## About this exercise
Give again the entries below exactly, beginning at the first line and ending at the line with "Midnight black tones, which".

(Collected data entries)

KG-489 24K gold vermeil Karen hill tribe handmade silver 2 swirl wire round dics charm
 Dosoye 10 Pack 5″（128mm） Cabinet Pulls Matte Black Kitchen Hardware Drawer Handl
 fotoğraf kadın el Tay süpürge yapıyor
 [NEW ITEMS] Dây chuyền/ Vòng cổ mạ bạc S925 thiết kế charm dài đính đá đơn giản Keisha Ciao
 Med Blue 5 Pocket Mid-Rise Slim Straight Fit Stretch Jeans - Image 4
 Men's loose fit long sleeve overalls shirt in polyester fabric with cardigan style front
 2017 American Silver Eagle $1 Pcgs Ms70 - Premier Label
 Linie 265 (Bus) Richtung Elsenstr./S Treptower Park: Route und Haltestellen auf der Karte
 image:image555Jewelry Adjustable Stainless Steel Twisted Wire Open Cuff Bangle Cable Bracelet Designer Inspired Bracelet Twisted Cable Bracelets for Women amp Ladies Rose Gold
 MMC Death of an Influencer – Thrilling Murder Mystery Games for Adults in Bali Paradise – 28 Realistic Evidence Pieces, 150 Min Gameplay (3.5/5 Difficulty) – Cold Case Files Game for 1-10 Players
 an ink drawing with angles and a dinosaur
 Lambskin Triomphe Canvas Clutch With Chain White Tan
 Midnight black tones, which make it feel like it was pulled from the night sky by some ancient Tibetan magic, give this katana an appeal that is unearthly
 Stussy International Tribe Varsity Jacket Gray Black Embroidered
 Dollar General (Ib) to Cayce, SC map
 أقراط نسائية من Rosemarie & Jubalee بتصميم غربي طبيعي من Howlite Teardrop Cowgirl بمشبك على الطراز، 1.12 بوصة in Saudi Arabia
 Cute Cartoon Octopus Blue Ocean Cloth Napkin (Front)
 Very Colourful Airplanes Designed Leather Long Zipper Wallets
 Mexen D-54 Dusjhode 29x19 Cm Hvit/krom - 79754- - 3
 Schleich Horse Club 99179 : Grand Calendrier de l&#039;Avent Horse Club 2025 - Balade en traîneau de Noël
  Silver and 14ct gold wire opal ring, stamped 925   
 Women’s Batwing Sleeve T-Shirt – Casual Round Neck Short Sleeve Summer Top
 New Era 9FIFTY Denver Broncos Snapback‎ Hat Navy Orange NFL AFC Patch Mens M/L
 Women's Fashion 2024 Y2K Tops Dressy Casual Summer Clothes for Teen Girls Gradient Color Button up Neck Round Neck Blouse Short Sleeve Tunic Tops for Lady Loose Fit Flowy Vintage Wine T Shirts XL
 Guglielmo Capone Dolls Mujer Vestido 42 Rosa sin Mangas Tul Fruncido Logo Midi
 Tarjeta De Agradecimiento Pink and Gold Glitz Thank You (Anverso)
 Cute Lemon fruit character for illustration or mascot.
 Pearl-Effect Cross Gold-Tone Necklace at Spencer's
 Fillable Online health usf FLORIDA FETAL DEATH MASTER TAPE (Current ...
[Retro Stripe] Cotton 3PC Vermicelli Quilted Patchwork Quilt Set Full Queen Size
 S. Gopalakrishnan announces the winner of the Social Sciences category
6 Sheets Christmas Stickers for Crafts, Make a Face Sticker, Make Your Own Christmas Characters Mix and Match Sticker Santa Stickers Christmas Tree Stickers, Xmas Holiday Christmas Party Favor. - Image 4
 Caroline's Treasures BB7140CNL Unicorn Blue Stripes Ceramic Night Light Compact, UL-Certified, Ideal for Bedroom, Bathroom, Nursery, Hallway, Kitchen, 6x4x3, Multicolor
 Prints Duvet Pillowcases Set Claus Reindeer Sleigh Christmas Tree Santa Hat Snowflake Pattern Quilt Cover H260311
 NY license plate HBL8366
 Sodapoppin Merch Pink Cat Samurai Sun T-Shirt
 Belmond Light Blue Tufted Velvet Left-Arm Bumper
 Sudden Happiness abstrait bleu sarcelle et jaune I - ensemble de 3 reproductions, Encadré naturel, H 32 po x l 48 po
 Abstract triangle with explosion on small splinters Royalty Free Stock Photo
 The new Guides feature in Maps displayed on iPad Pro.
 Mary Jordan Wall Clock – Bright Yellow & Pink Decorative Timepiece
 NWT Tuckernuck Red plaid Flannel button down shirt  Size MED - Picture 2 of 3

## Expected answer
KG-489 24K gold vermeil Karen hill tribe handmade silver 2 swirl wire round dics charm
 Dosoye 10 Pack 5″（128mm） Cabinet Pulls Matte Black Kitchen Hardware Drawer Handl
 fotoğraf kadın el Tay süpürge yapıyor
 [NEW ITEMS] Dây chuyền/ Vòng cổ mạ bạc S925 thiết kế charm dài đính đá đơn giản Keisha Ciao
 Med Blue 5 Pocket Mid-Rise Slim Straight Fit Stretch Jeans - Image 4
 Men's loose fit long sleeve overalls shirt in polyester fabric with cardigan style front
 2017 American Silver Eagle $1 Pcgs Ms70 - Premier Label
 Linie 265 (Bus) Richtung Elsenstr./S Treptower Park: Route und Haltestellen auf der Karte
 image:image555Jewelry Adjustable Stainless Steel Twisted Wire Open Cuff Bangle Cable Bracelet Designer Inspired Bracelet Twisted Cable Bracelets for Women amp Ladies Rose Gold
 MMC Death of an Influencer – Thrilling Murder Mystery Games for Adults in Bali Paradise – 28 Realistic Evidence Pieces, 150 Min Gameplay (3.5/5 Difficulty) – Cold Case Files Game for 1-10 Players
 an ink drawing with angles and a dinosaur
 Lambskin Triomphe Canvas Clutch With Chain White Tan
 Midnight black tones, which make it feel like it was pulled from the night sky by some ancient Tibetan magic, give this katana an appeal that is unearthly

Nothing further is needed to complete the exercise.